DATA BLOCK below:

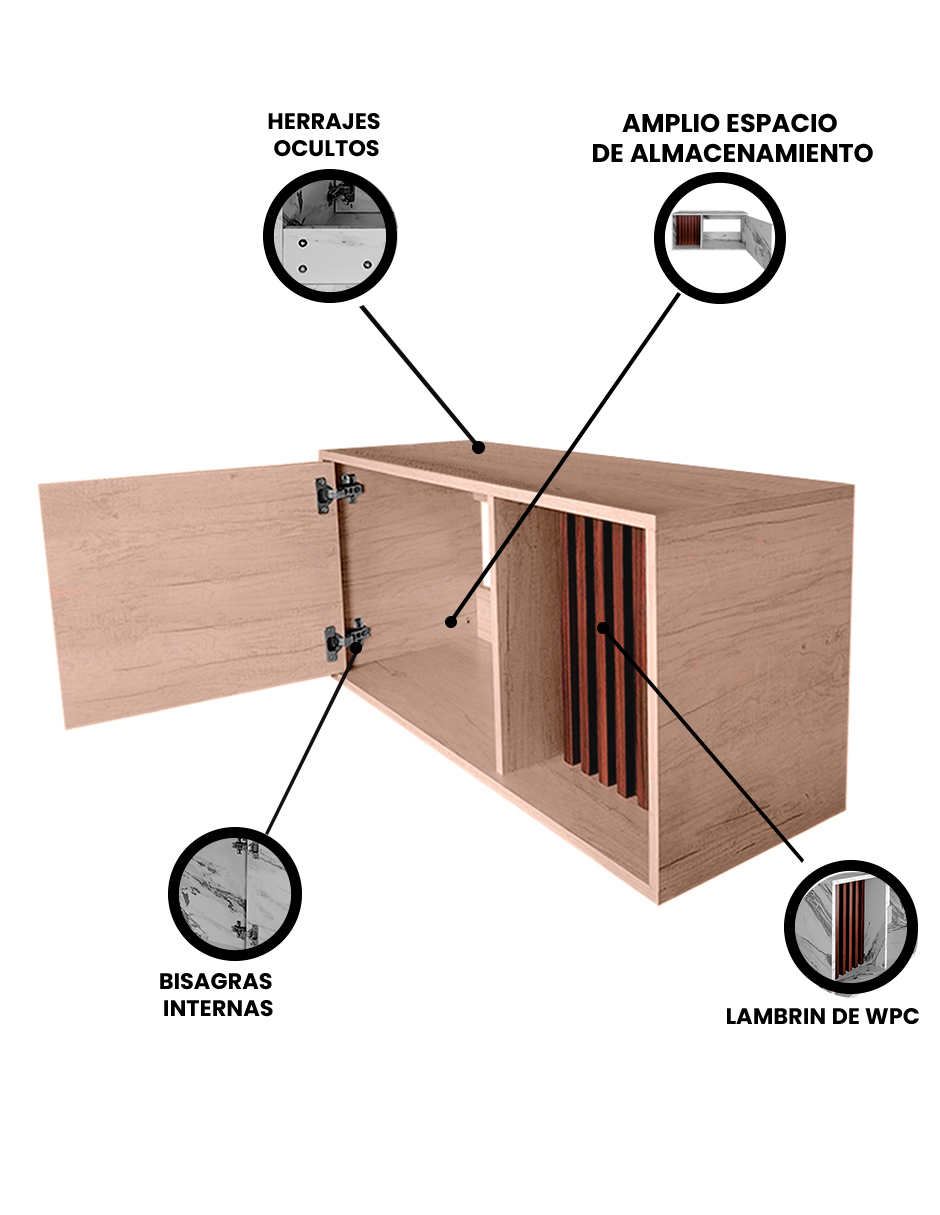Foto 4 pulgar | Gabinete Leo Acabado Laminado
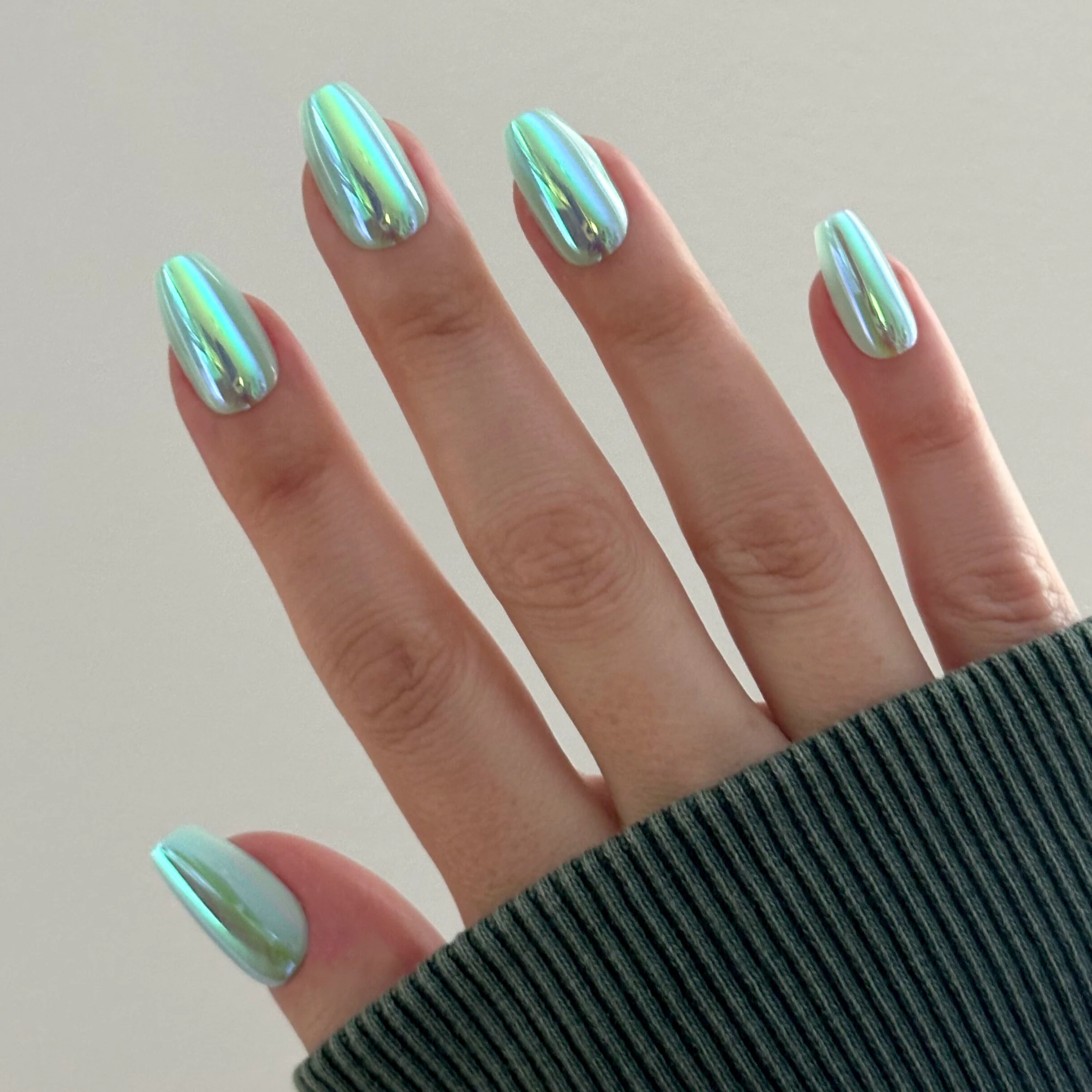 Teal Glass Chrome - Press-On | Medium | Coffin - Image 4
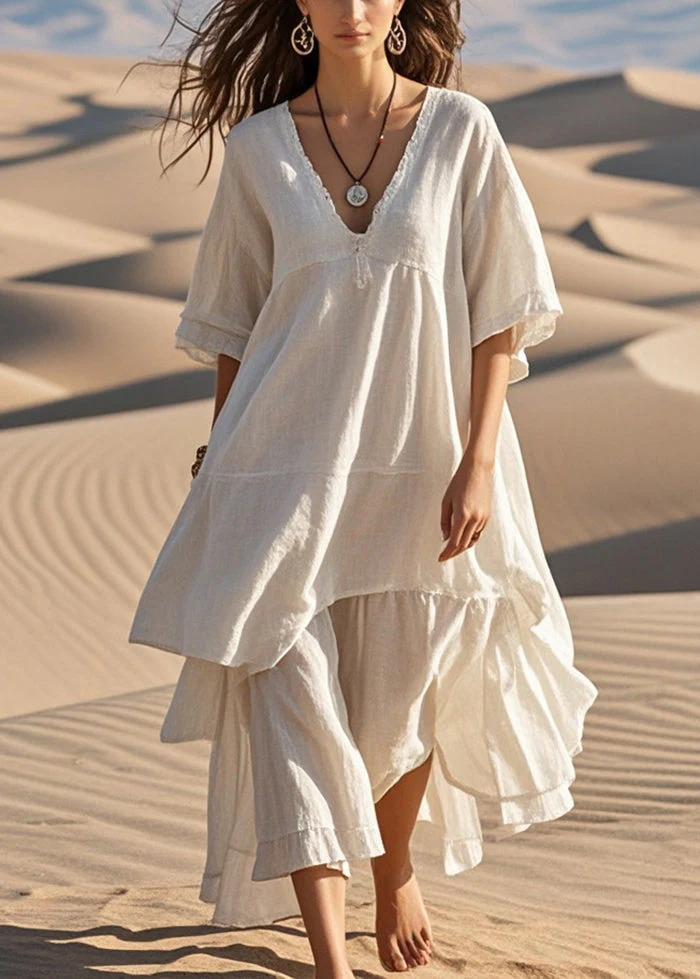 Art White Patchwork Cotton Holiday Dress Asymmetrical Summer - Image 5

End of DATA BLOCK.

◆ **WORK TO COMPLETE**: Down to the last line, set down the data above exactly, and omit all images.

◆ **ANSWER FOR THE TASK**:
Foto 4 pulgar | Gabinete Leo Acabado Laminado
 Teal Glass Chrome - Press-On | Medium | Coffin - Image 4
 Art White Patchwork Cotton Holiday Dress Asymmetrical Summer - Image 5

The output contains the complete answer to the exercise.